(DATA SEGMENT begins)

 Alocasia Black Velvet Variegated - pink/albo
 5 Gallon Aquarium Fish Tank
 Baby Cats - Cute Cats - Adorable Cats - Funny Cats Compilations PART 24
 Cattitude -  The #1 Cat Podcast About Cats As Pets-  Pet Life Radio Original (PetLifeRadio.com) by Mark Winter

(DATA SEGMENT ends)

TASK DESCRIPTION
Each line above that has the word "Cats" should be copied.

ANSWER SPACE
 Baby Cats - Cute Cats - Adorable Cats - Funny Cats Compilations PART 24
 Cattitude -  The #1 Cat Podcast About Cats As Pets-  Pet Life Radio Original (PetLifeRadio.com) by Mark Winter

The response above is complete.